Amos said Casey’s family was given little hope of his surviving the stroke but, being the tough guy Casey was, he pulled through.

“Bud had three more years given to him and, in those three years he brought a lot of joy to a lot of people,” Amos said. “He had the ability to touch people’s lives. He was fun to be around. To know Bud was to love him.”

Casey was an All-American football player at Dothan High School and was a member of Paul “Bear” Bryant’s first recruiting class at Alabama.

“Bud and Bill Rice from Troy went to Tuscaloosa to play for Coach Bryant,” Amos said. “Bud played for two years but had a knee injury. He transferred to Northeastern State University in Oklahoma and played and coached there. He’s in the Hall of Fame out there. He was drafted by the Miami Dolphins in 1966.

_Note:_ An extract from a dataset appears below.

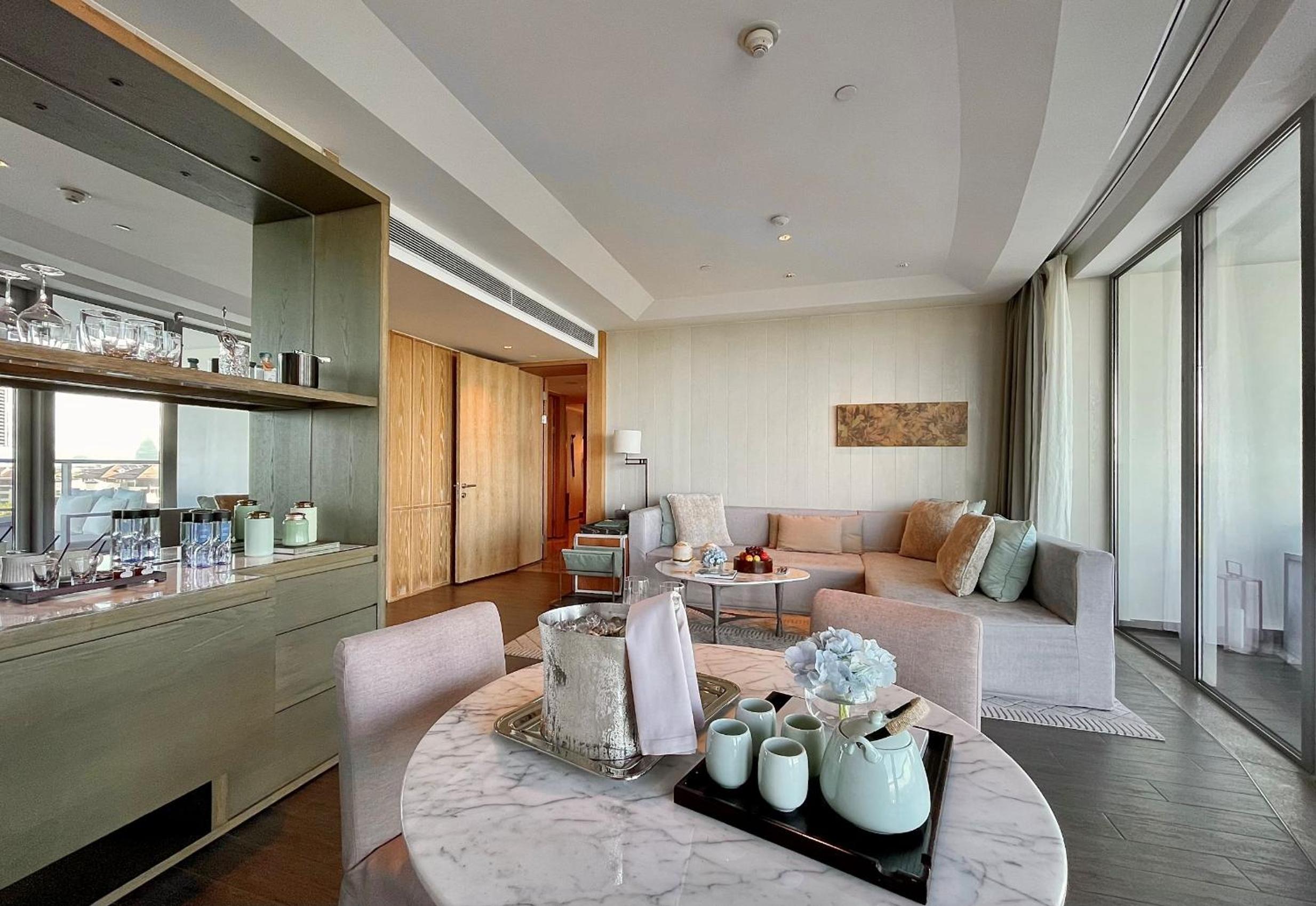 Ocean View Two-bedroom Suite (connecting) thumbnail 5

Amos said Casey coached at the University of Tampa and then Georgia Tech.

“He then went out to Lubbock, Texas and coached at Texas Tech before going to Auburn, where he and Coach Larry Blakeney coached under Pat Dye.”

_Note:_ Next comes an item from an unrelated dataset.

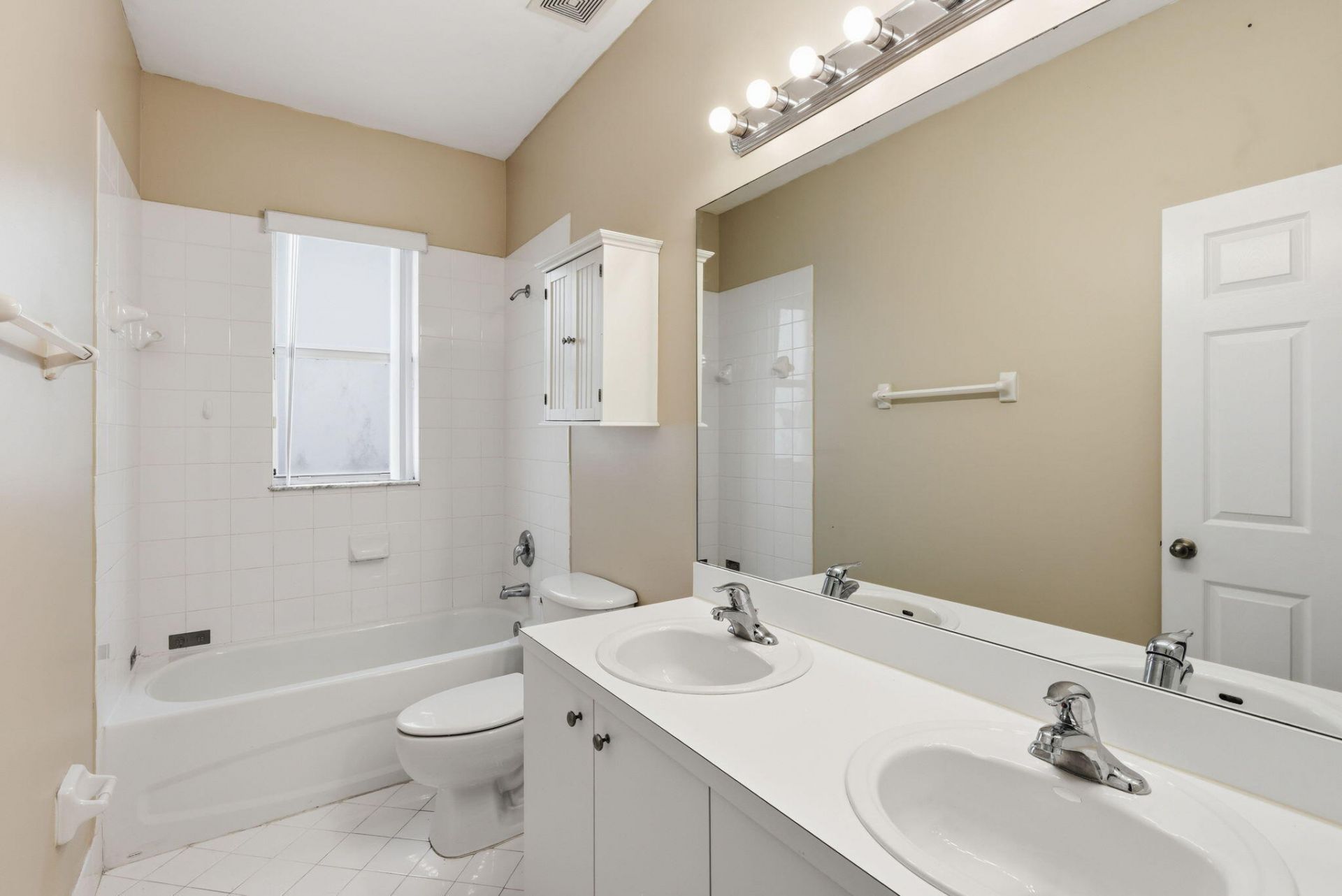 1412 NE 40th Avenue, Homestead, FL 33033 Photo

At Auburn Amos said Casey coached star running backs, including Bo Jackson, Brent Fullwood and Lionel James.

“Bud was called ‘Blood on the Saddle’ because he believed in hardnosed football,” Amos said. “He was a dominant kind of guy. He was tough on the field but he had a good heart and a soft heart.”

After Casey left Auburn, he went to Texas Christian and coached with Pat Sullivan.

“In 2000, Casey came to Troy and enjoyed being involved with Troy University,” Amos said. “He loved to fish and to just sit around a talk with anybody that would talk with him. He had a lot of interests. He loved his family, his kids and grandkids. Bud was the kind of guy that would give you the shirt off his back. There will never be another Bud Casey. I’m glad I got to spend time with him every morning for all those years. I know I won’t ever forget him. He was just that kind of guy.”